On l’attendait depuis mars dernier déjà. Lorsqu’il a raflé le prix du Festival national du film de Tanger ainsi que le prix du meilleur rôle féminin. «Pluie de sueur» aurait pu être un énième film traitant de la misère des agriculteurs et de leur refus de se séparer de la terre, ou encore un drame social autour du handicap mental d’un enfant unique. Mais lorsque la poésie s’en mêle, le grand écran en renvoie la magie. Hakim Belabbes a signé là une œuvre d’une grande sensibilité qui happe le spectateur jusqu’à la fin des deux bonnes heures du long-métrage.

M’barek (Amin Naji) est un paysan pauvre. Endetté jusqu’au cou, son petit lopin de terre est le seul bien qu’il possède et auquel il est viscéralement attaché. C’est le cas de le dire. Constamment menacé par les échéances d’une traite de crédit qu’il ne peut honorer, M’barek nourrit l’obsession de trouver l’eau qui va faire renaître ses terres. Il creuse à l’aveuglette ce puits providentiel, en y mettant toute son énergie et sa détresse.

La précarité, cet ennemi

Sa petite famille compte un père sénile qui ne partage que peu ses soucis et une femme complice (Fatima Azzahra Bennacer), portant en elle un enfant et bien des frustrations. Le fils unique de M’barek (Ayoub Khalfaoui) est, quant à lui, atteint du syndrome de Down qui l’empêche de s’intégrer parmi les enfants de son âge, mais également de se faire accepter par son propre père qui le traite de créature.

Lorsque M’barek reçoit la lettre maudite et que ses offrandes multiples au banquier n’y font plus rien, il prête l’oreille à un conseilleur qui le met sur la voie du trafic d’organes.
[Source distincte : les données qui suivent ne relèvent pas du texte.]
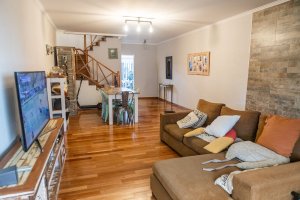 Duplex for sale in Martínez, 5 rooms with pool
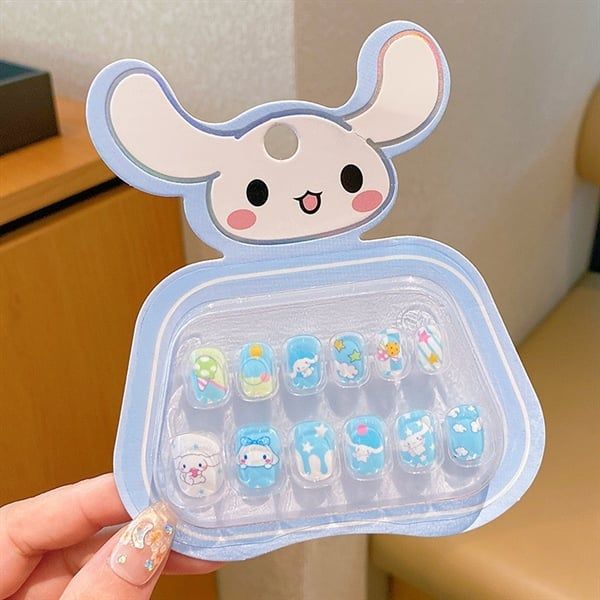Set móng tay dán Sanrio cho bé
Il quitte les siens pour une aventure risquée, laissant sa femme enceinte seule face à l’ombre de la fausse couche. Seul Ayoub, l’adolescent trisomique, ne se laisse pas démonter par le désespoir, prouvant que la détresse liée à sa condition n’est pas une fatalité.

Dans le récit simple et sans remous ou suspense de «Pluie de sueur», il y a de l’émotion à en revendre. Dans la douleur de M’barek, dans son comportement revêche à l’égard de sa femme et son fils, dans l’amour que lui porte sa femme ou celui que porte son fils à sa petite chienne, l’émotion est là, non dite par pudeur ou par peur de l’inconnu.
De mots et d’images…

Lorsque Aida signifie à son mari qu’il est très dur avec leur enfant, il lui répond qu’il vaut mieux qu’il le prépare à une vie impitoyable sans lui. Le seul moment de tendresse qu’il partage avec lui, c’est lorsqu’il lui apprend à se raser, lui offrant un contact physique précieux et touchant. Autre moment d’une infinie tendresse : ce message d’amour inavoué, dit dans une langue darija pure et belle, exprimant la profondeur des sentiments de M’barek à Aida. Tout en étant dans la mesure, l’excellent texte est l’un des plus beaux aveux d’amour jamais dits dans un film marocain.

Dans l’image, Hakim Belabbes a misé sur les gros plans qui ressortent les expressions du visage. Aidé par un choix de casting judicieux, le cinéaste a réussi à dépeindre toute une palette d’émotions. Avec des séquences au ralenti, une musique et des paroles chargées de mélancolie, Hakim Belabbes a saupoudré de la poésie pour parfaire sa «Pluie de sueur».